Les deux équipes sont épuisées. Pas l'arbitre qui ne veut pas perdre son temps... Sept minutes de récupération seulement... Gilbert Gress, qui ne veut pas être pris au dépourvu, désigne déjà ses tireurs de penalties, au cas où : "Carlos (Bianchi) en numéro 1, Francis (Piasecki) en 2, Raymond (Domenech) en 3, Marx en 4, Léon (Specht) en 5..." Et Léonard qui reprend : "Il avait un peu hésité sur mon nom et, pendant la prolongation, je n'ai pas cessé de penser à ce penalty. Comment vais-je le tirer? A droite, à gauche? En force, en finesse? Je ne pensais qu'à ça, et j'ai bien dû changer dix fois de manière.

Pendant ce temps, nous dominions et, soudain, à deux minutes de la fin, Decastel a marqué.

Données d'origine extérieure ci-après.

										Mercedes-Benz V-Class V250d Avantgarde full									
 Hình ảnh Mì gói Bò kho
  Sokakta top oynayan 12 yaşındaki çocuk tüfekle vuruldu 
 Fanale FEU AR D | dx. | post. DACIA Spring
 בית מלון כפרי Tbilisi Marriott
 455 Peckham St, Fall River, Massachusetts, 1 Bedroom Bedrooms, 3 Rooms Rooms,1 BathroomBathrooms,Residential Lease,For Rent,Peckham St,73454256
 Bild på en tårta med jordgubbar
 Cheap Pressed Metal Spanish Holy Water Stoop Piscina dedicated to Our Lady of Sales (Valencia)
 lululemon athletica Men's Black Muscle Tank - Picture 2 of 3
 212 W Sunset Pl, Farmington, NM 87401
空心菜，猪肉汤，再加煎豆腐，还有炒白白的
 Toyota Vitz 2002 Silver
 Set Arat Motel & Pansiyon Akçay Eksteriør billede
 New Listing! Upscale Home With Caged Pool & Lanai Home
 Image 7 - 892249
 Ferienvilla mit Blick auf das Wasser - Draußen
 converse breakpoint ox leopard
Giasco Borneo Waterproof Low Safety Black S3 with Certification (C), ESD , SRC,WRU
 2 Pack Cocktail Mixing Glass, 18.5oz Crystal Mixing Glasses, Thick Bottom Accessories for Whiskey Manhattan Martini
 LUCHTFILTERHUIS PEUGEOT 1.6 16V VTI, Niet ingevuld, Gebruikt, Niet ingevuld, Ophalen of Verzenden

Je n'y croyais plus, je ne pensais qu'à mon penalty. Alors, je suis tombé sur les genoux à l'endroit même où j'étais. C'était une sensation fantastique. Je m'étais tellement donné... Je savais que c'était le match le plus important de ma vie, le plus important de toute l'équipe, de notre public aussi. Je ne sais pas combien de temps je suis resté ainsi à genoux, les bras en l'air. Et lorsque le jeu a repris, les Tchèques n'avaient plus de force. En auraient-ils eue que cela n'aurait rien changé. Personne n'aurait pu nous prendre notre victoire.

Les embrassades, la liesse, les journalistes, la douche, tout a ensuite été très vite pour moi. Mes frères étaient à la maison, j'étais pressé. Peut-être aussi avais-je une certaine envie de savourer mon bonheur loin de la foule. A une heure du matin, j'étais au lit. Mais les images étaient trop fortes. Je ne me suis endormi que lorsque le jour se leva..."

L'Alsace n'allait pas non plus trouver le sommeil cette nuit là. Un rêve était devenu réalité, s''inscrivant dans toutes les têtes, en lettre de feu : Le Racing Club de Strasbourg est quart de finaliste de la Coupe d'Europe des Clubs Champions!